An Interview with Esmael Khoei, the renowned Iranian poet
Note: With the New Year approaching, we went to see Esmael Khoi, the London-based man from Khorasan who taught philosophy in Tehran many years ago. Khoi has a long history of intimacy with feelings and words and, after all these years, he still concerns himself with the Persian language and Iranian culture. We talked about the great Ferdowsi and the reward he received for thirty years of patience and serenity, the myth of Jamshid, and a time when justice and goodness were present—at least in fables and legends. We talked about the appeal of those same legends in our lives today and our hopes for the future because, if what was then did not last, there is no doubt that this, too, shall pass.
Mr. Khoi, let us begin our talk with Jamshid’s myth and the emergence of Norooz, the way Ferdowsi describes it.
Yes. It happens to be a very timely remembrance. Many regard Ferdowsi as the father of the Persian language. But this is not so. All Persian speaking people are the true fathers and mothers of this language. However, the great Ferdowsi is truly the father of Persian poetry, and its literary and historical writings, an honorable man who composed the myths and the legends of this land in verse. In connection with Norooz, Ferdowsi talks about the kingdom of Jamshid. Based on his words, we must realize that if Norooz is not the most ancient Iranian celebration, it is at least one of the oldest both in Iran and in the rest of the world. Of course, there were many ancient celebrations from which only some names and vague references are left in history. Whereas Norooz is still alive and remains significant.

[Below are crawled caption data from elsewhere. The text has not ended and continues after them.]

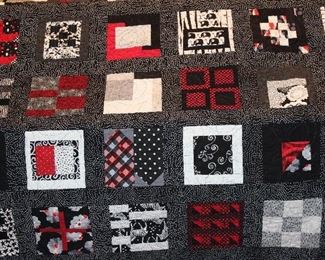 BLOCK OPTIC MID CENTURY QUILT 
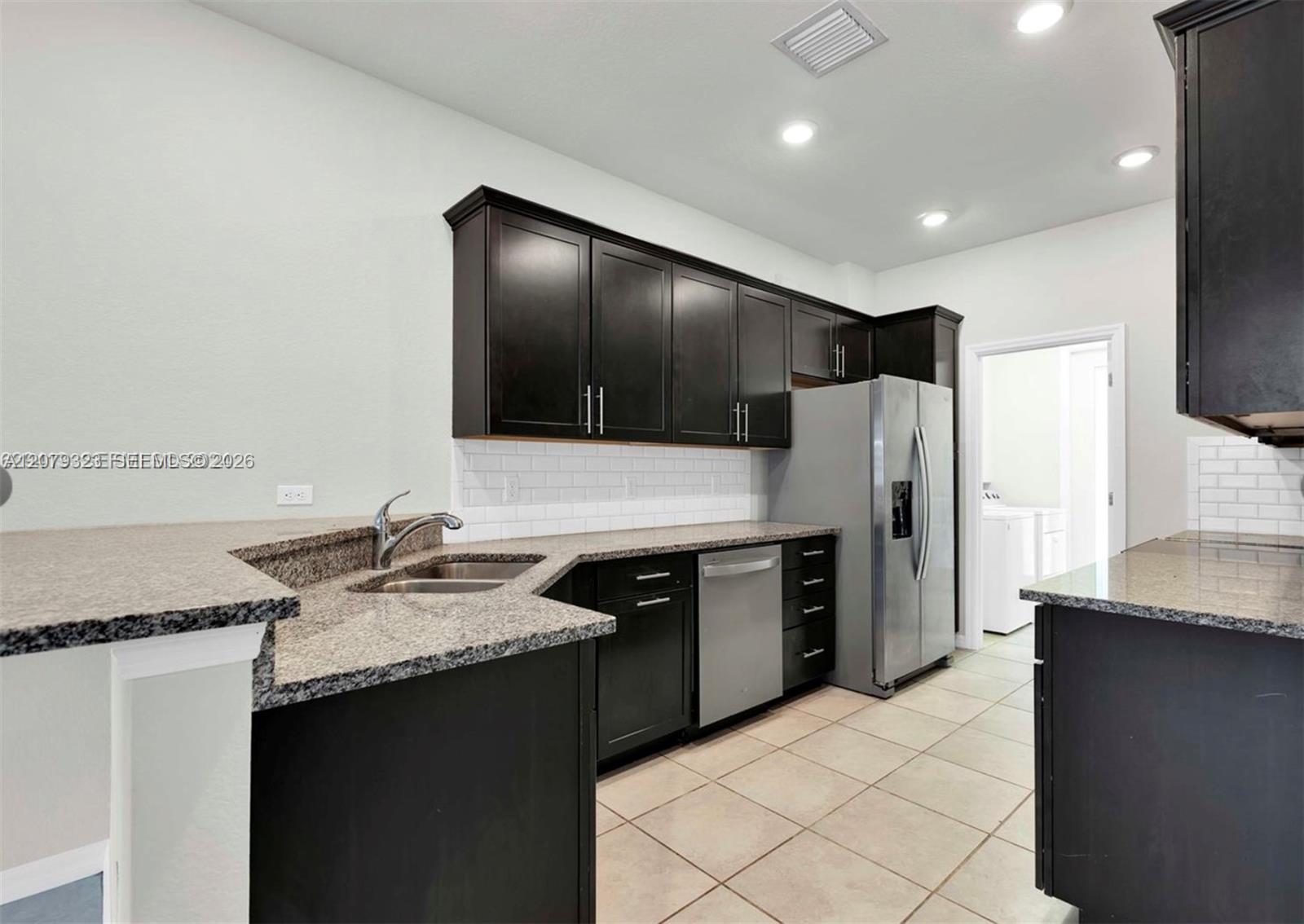 1240 Eucalyptus Dr # 2 — Photo 5
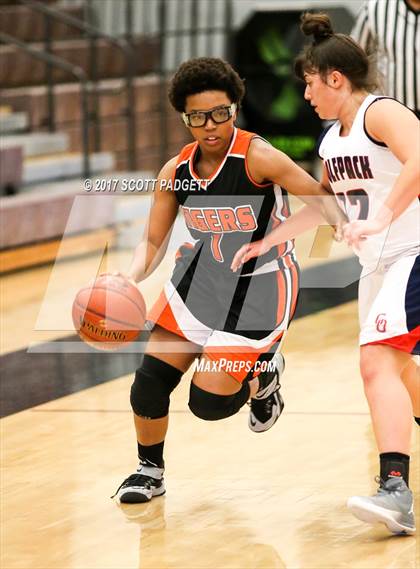 Thumbnail 3 in San Jacinto vs. Great Oak (Mustang Tip Off Classic) photogallery.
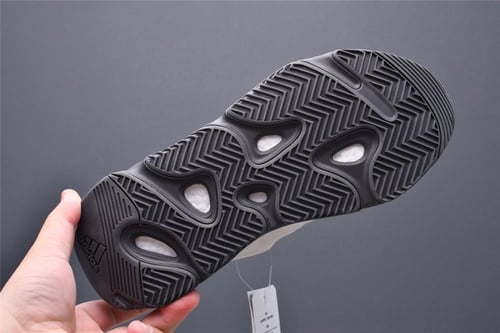 adidas yeezy boost 700 MNVN Bone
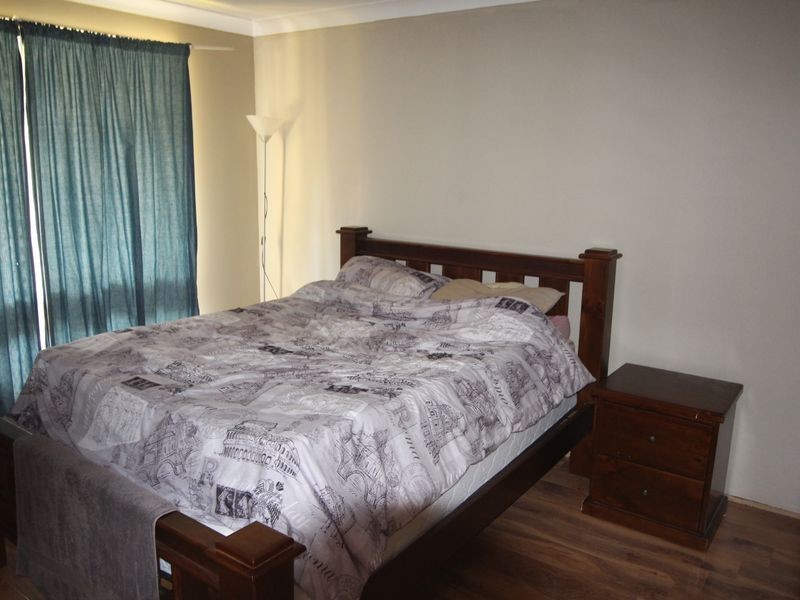 99 Harrow Road, Glenfield NSW 2167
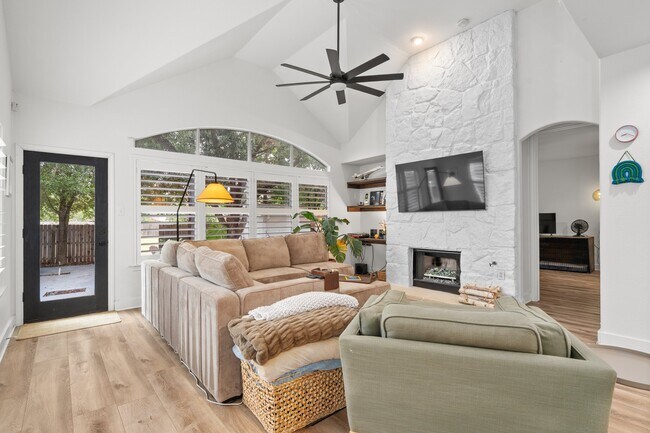 Photo - 13917 Fallsprings Way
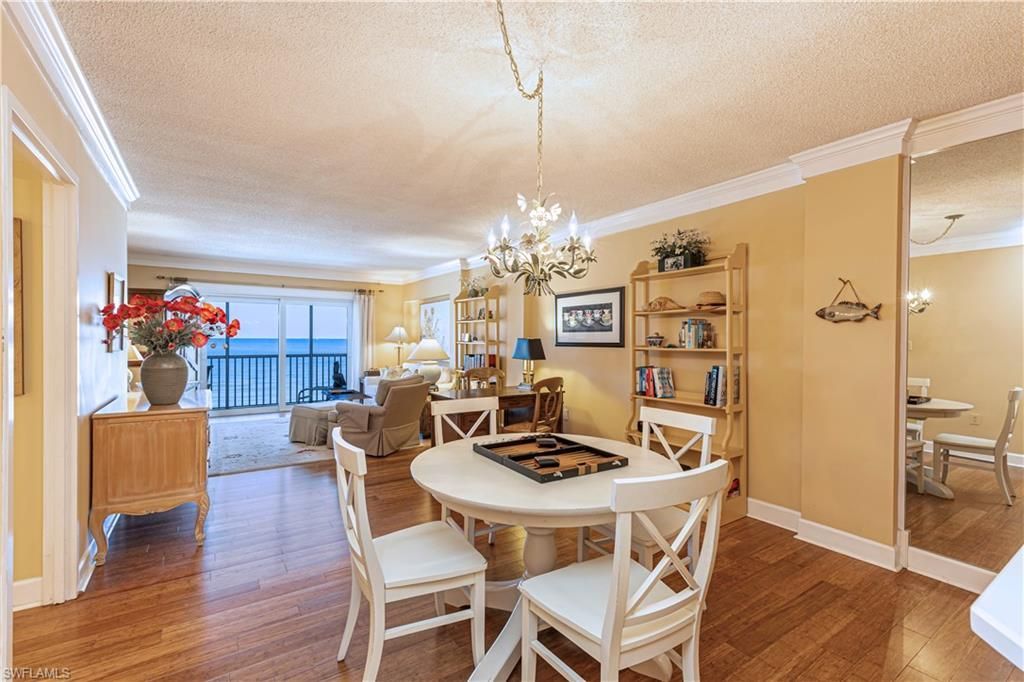 1977 Gulf Shore Blvd N, Unit 401, Naples, FL 34102 Photo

Ferdowsi introduces Norooz as the day when Jamshid’s reign began. Is this correct?
Yes. In the Shahnameh, Ferdowsi attributes this celebration to Jamshid’s victory and his royalty. Jamshid, of course, is a mythological figure and it is said in the Shahnameh that he lived for one thousand years and reigned for seventy. But apart from the mythological aspect of this legend, which sounds unreal, I believe Ferdowsi was not talking about one man’s reign, but the reign of an entire dynasty. In this legend, Jamshid spends fifty years of his life teaching agriculture to Iranians, another fifty years teaching how to tend their flocks, another fifty years on how to spin and knit garments, and so on. This is how Jamshid teaches Iranians many skills and becomes a highly cultured king. Because of his contributions, when he finally takes the throne, Iranians honor and cherish that day and as Ferdowsi puts it: “They call that day the New Day.” This new day is Norooz, the legacy of a great king.
You mentioned that Norooz is one of the oldest celebrations to have survived to this day. To what do you attribute this endurance?
Iranians do not only celebrate Norooz as a historical reminiscence, it also represents the harmony between their culture and nature. In celebrating Norooz, it is not only the Iranians who unite with nature; nature also collaborates and comes together with them. It is not only our year that begins with Norooz, nature’s New Year also begins with it; the first day of Farvardin, the beginning of spring. Even if we, as Iranians, forget Norooz, the earth and nature will not. So as long as the earth and nature exist, Norooz will be honored and celebrated. I even believe Norooz will one day be observed globally. Even today it is widely recognized for its relation to nature and its renewal.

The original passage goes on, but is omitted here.